Why Does Medication Cost So Much?

expensive medication prices

The High Cost of Medication: A Critical Piece in the Puzzle of Healthcare Reform

Written by Caitlin Schille, MPH

One of President Trump’s chief campaign promises was an oath to repeal the Affordable Care Act, or Obamacare. This has proven to be a greater struggle than the President perhaps anticipated, and this struggle has re-opened the wider debate over healthcare in our country. One of the central themes in the healthcare debate is the cost of prescription drugs— according to a recent Harvard Medical School study, paying for prescription medication makes up almost one-fifth of what a person spends on healthcare. To quote President Trump, that’s huge. And prices are rising at a rate that makes prescription medication increasingly inaccessible for the average American. According to the AARP, drug prices increased an average of 208% from 2008 to 2016— and incomes certainly did not increase at a comparable rate.

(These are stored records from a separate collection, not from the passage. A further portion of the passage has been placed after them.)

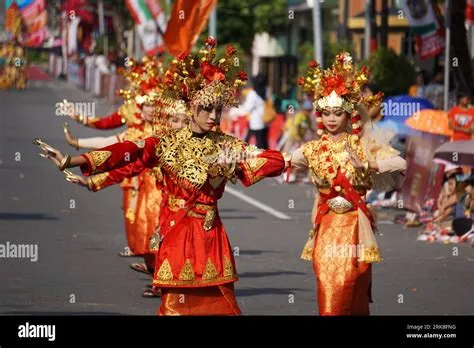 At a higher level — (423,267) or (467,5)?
(467,5)

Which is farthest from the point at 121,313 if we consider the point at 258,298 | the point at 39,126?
the point at 39,126

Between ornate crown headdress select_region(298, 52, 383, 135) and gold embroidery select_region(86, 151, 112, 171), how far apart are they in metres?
1.91

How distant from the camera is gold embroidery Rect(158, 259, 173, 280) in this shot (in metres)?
10.3

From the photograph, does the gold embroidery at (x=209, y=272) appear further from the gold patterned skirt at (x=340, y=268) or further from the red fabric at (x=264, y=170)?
the gold patterned skirt at (x=340, y=268)

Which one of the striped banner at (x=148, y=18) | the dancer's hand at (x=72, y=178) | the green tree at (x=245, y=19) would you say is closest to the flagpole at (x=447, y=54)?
the dancer's hand at (x=72, y=178)

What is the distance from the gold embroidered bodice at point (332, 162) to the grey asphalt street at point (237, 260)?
7.25 feet

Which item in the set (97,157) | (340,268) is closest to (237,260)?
(340,268)

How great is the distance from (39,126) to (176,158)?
1364 inches

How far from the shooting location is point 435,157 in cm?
1914

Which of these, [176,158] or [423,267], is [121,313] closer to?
[176,158]

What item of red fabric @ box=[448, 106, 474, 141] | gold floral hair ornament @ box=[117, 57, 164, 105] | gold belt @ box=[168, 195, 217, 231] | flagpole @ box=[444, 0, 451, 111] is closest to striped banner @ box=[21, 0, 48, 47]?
flagpole @ box=[444, 0, 451, 111]

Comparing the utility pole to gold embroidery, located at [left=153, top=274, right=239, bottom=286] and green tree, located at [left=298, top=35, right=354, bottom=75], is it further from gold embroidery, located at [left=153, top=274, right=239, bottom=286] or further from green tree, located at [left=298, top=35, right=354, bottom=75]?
gold embroidery, located at [left=153, top=274, right=239, bottom=286]

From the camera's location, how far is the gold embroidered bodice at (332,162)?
11109 mm

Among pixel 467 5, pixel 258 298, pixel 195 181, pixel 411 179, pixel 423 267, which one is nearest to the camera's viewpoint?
pixel 195 181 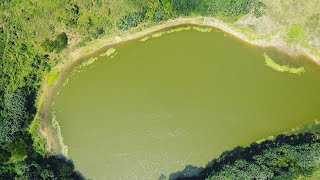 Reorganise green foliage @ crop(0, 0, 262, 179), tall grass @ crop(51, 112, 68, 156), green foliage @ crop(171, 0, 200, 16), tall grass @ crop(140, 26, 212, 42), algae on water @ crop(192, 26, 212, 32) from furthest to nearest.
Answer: algae on water @ crop(192, 26, 212, 32), tall grass @ crop(140, 26, 212, 42), green foliage @ crop(171, 0, 200, 16), tall grass @ crop(51, 112, 68, 156), green foliage @ crop(0, 0, 262, 179)

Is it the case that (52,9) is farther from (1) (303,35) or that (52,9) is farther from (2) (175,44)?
(1) (303,35)

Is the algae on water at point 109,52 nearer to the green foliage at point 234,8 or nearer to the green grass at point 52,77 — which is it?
the green grass at point 52,77

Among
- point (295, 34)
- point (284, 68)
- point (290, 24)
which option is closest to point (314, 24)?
point (295, 34)

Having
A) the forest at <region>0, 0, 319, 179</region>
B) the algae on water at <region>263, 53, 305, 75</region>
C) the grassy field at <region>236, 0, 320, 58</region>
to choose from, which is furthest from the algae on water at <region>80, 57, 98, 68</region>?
the algae on water at <region>263, 53, 305, 75</region>

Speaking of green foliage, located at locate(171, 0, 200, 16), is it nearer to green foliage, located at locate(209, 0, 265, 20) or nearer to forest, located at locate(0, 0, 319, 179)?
forest, located at locate(0, 0, 319, 179)

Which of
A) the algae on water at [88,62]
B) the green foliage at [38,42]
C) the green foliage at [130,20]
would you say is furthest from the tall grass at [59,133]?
the green foliage at [130,20]

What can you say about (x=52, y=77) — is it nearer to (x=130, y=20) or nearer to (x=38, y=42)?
(x=38, y=42)

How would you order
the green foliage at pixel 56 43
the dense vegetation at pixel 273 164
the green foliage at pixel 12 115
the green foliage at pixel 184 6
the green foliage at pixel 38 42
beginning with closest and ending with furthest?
the dense vegetation at pixel 273 164
the green foliage at pixel 12 115
the green foliage at pixel 38 42
the green foliage at pixel 56 43
the green foliage at pixel 184 6
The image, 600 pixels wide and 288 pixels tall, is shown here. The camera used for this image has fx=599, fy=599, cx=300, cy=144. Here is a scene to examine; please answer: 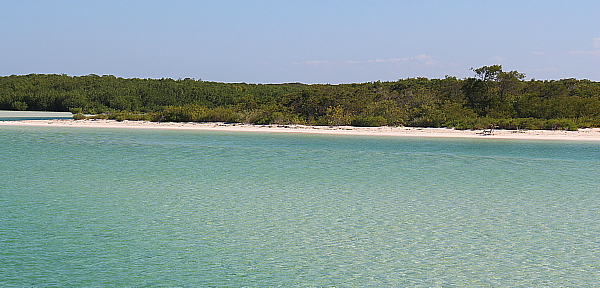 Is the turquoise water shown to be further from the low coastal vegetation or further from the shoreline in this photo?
the low coastal vegetation

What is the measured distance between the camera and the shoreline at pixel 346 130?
28984 millimetres

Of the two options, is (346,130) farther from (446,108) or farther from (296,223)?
(296,223)

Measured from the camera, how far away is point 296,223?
8711 mm

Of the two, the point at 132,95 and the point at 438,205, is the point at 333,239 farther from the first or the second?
the point at 132,95

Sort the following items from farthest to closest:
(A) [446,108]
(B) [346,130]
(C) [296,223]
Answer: (A) [446,108] → (B) [346,130] → (C) [296,223]

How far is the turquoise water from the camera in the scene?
20.7 ft

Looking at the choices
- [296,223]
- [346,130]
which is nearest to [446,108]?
[346,130]

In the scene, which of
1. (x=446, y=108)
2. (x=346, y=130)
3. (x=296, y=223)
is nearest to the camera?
(x=296, y=223)

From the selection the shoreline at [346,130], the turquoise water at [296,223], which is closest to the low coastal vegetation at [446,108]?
the shoreline at [346,130]

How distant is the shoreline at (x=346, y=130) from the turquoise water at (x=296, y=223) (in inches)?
482

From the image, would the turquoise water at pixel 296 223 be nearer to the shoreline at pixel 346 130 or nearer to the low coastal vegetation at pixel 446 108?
the shoreline at pixel 346 130

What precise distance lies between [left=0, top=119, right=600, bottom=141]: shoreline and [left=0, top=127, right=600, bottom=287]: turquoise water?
1225 cm

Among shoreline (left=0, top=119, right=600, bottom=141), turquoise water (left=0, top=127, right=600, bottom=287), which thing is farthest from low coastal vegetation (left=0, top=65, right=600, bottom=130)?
turquoise water (left=0, top=127, right=600, bottom=287)

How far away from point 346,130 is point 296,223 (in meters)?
24.4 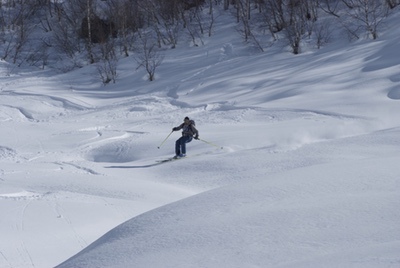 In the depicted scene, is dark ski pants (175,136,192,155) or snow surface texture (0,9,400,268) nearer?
snow surface texture (0,9,400,268)

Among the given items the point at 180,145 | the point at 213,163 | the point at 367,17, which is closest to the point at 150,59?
the point at 367,17

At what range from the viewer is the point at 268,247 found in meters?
5.10

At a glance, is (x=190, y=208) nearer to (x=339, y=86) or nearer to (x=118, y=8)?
(x=339, y=86)

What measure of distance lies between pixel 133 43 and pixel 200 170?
2594 centimetres

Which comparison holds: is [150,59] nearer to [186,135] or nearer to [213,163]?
[186,135]

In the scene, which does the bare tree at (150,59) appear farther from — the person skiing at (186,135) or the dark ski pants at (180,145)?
the dark ski pants at (180,145)

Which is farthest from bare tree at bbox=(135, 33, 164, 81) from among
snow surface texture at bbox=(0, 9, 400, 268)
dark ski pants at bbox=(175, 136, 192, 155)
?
dark ski pants at bbox=(175, 136, 192, 155)

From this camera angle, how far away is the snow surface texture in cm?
539

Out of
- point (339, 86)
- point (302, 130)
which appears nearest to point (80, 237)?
point (302, 130)

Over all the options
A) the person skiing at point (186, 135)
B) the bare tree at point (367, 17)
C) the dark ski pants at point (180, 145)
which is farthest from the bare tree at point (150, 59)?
the dark ski pants at point (180, 145)

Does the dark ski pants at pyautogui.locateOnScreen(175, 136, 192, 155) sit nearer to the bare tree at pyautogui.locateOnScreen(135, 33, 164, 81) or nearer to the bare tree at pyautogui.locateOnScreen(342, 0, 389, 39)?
the bare tree at pyautogui.locateOnScreen(135, 33, 164, 81)

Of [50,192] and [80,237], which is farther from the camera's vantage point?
[50,192]

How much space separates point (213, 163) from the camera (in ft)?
48.0

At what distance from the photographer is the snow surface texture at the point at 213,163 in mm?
5387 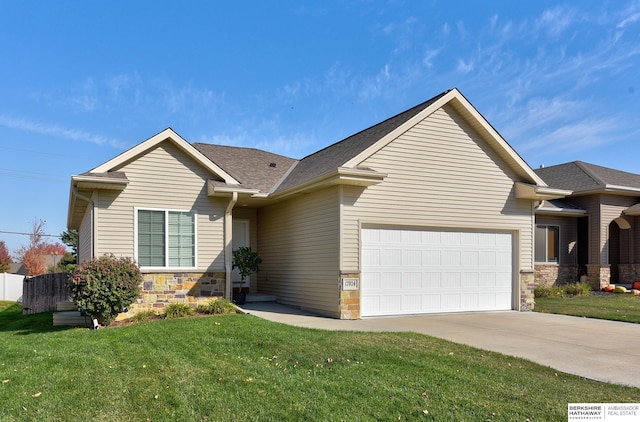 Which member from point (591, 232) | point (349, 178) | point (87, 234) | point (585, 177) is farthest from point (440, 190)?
point (585, 177)

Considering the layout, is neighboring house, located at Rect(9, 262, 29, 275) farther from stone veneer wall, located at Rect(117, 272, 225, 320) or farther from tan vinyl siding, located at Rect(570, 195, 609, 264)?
tan vinyl siding, located at Rect(570, 195, 609, 264)

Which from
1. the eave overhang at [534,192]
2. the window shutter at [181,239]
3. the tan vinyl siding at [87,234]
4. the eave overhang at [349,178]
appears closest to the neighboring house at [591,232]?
the eave overhang at [534,192]

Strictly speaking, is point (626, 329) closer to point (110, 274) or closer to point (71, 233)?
point (110, 274)

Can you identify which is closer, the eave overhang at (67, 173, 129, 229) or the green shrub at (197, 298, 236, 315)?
the eave overhang at (67, 173, 129, 229)

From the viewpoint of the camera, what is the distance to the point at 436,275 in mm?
12531

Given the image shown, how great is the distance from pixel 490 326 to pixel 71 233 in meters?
31.3

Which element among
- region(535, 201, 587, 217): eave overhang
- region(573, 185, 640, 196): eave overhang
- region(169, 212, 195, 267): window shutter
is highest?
region(573, 185, 640, 196): eave overhang

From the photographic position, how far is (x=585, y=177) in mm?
20719

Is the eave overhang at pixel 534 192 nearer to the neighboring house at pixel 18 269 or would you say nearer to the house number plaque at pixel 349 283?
the house number plaque at pixel 349 283

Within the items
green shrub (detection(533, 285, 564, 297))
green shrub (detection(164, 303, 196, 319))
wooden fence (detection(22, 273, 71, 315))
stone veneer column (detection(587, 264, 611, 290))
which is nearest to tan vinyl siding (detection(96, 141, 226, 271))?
green shrub (detection(164, 303, 196, 319))

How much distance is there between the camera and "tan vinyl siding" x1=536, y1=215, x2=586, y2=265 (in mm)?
19891

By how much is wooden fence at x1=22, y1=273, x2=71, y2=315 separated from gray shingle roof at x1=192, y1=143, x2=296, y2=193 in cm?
675

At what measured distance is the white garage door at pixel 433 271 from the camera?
11781 mm

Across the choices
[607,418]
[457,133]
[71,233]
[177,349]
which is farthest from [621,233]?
[71,233]
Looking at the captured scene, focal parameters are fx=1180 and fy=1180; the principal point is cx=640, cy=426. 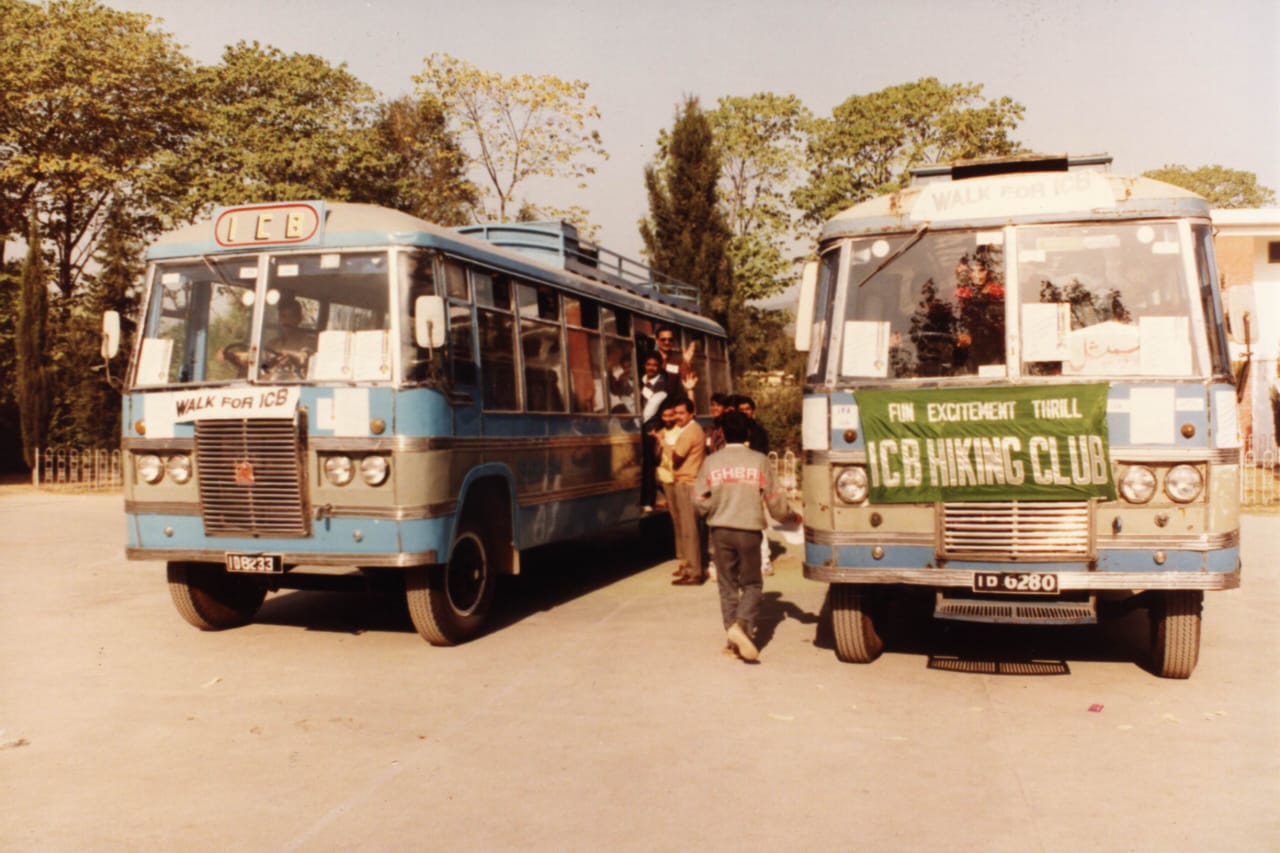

Paying for prescription medication makes up almost one-fifth of what a person spends on healthcare.

Source: Harvard Medical School

Let’s take a closer look at some of the explanations about why prescription drugs are so expensive.


There is often no incentive for programs and companies to prescribe a generic alternative over the more expensive brand name drug. According to the law that established Medicaid, it has to cover any and all drugs approved by the Food and Drug Administration (FDA), even if a cheaper, but equally effective drug is available. Let’s say you work at a pharmacy and you have the option to prescribe a more expensive drug or a less expensive drug. To make better numbers for your pharmacy and make more money for your company, you’ll prescribe the more expensive drug. And why wouldn’t you? We can’t rely on personal altruism to be the incentive.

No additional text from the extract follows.